* **EXERCISE GOAL**
Reproduce the records exactly, but not the pictures.

* **PROVIDED RECORDS**
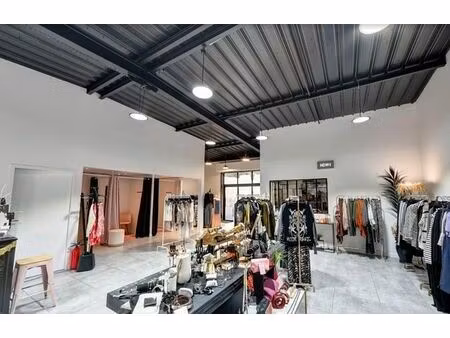 location commerce st jean d'illac 160 m²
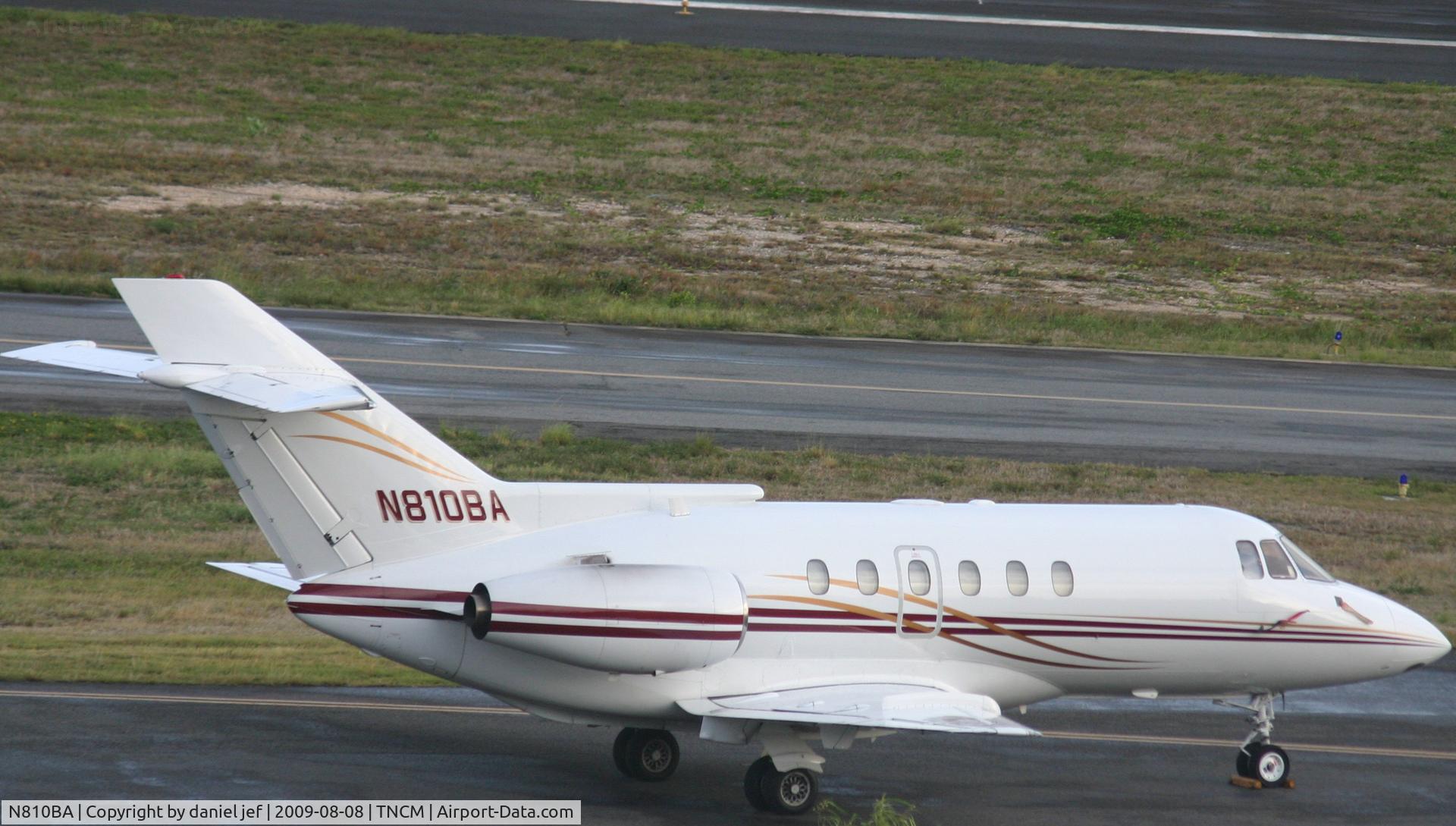 N810BA, British Aerospace BAe.125 Series 800A C/N 258010, park at the cargo ramp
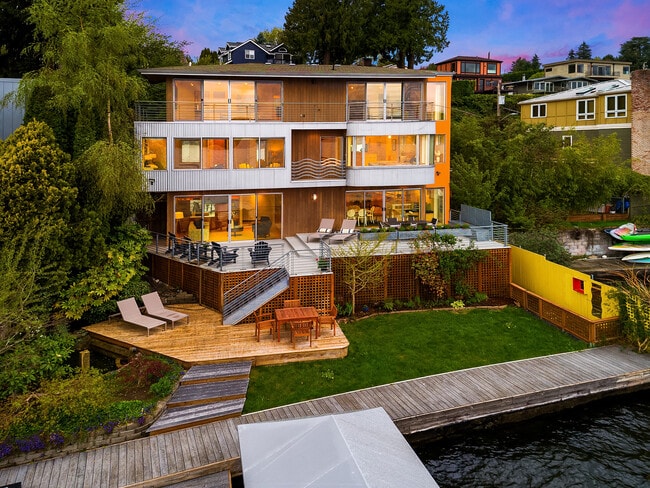 Building Photo - 10514 Riviera Pl NE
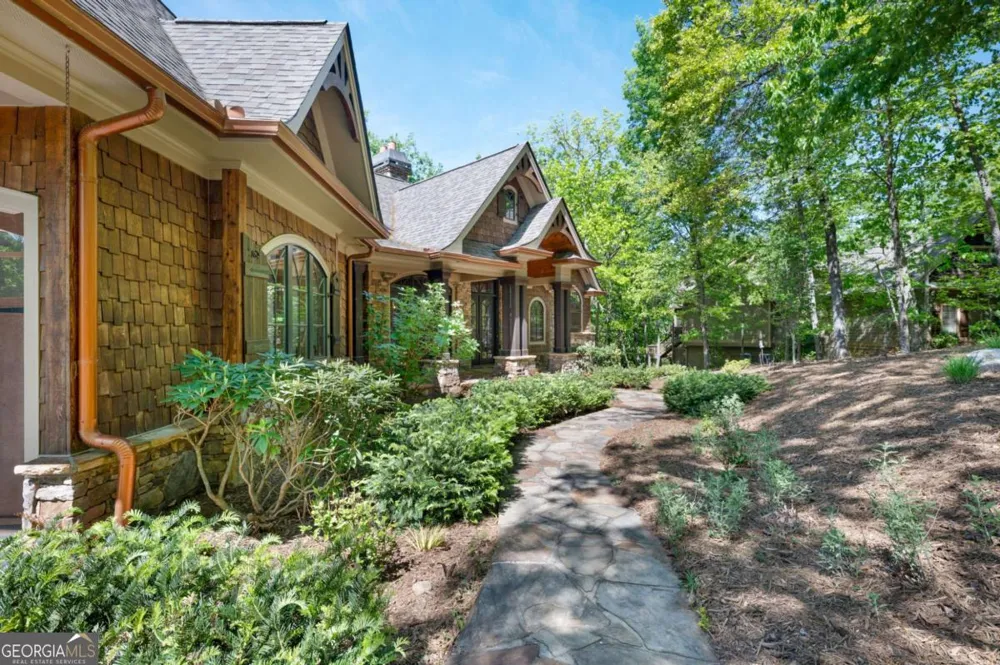 160 Bluestern DR SE Big Canoe, GA 30143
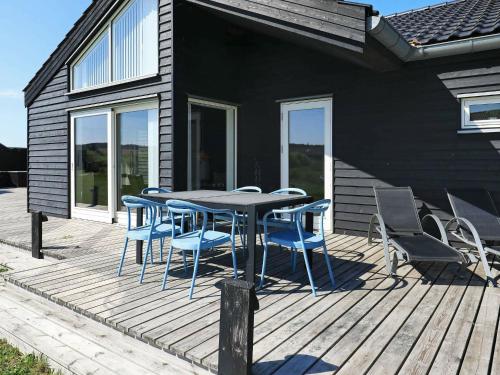 10 person holiday home in Brovst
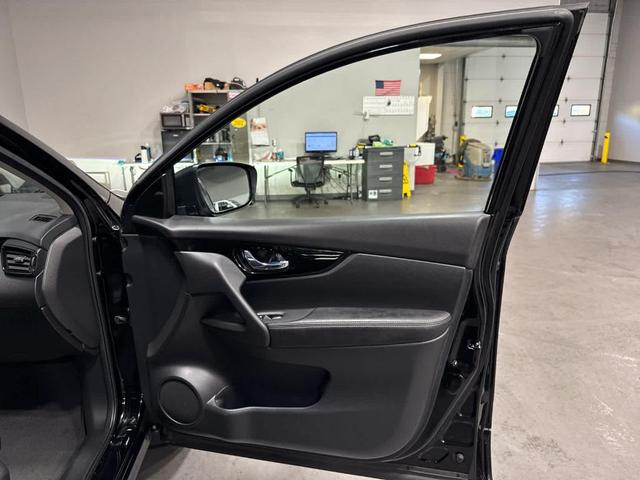 Photo of 2021 Magnetic Black Nissan Rogue Sport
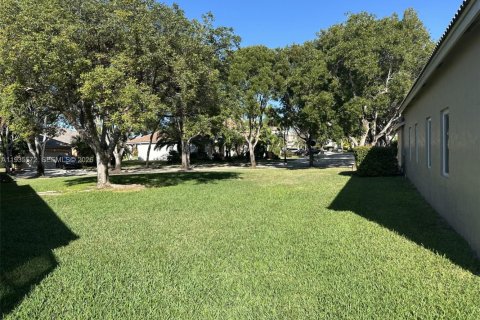 House in Weston, Florida 4 bedrooms, 196.58 sq.m. № 1995644 - photo 29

* **RESULT OF THE TASK**
 location commerce st jean d'illac 160 m²
 N810BA, British Aerospace BAe.125 Series 800A C/N 258010, park at the cargo ramp
 Building Photo - 10514 Riviera Pl NE
 160 Bluestern DR SE Big Canoe, GA 30143
 10 person holiday home in Brovst
 Photo of 2021 Magnetic Black Nissan Rogue Sport
 House in Weston, Florida 4 bedrooms, 196.58 sq.m. № 1995644 - photo 29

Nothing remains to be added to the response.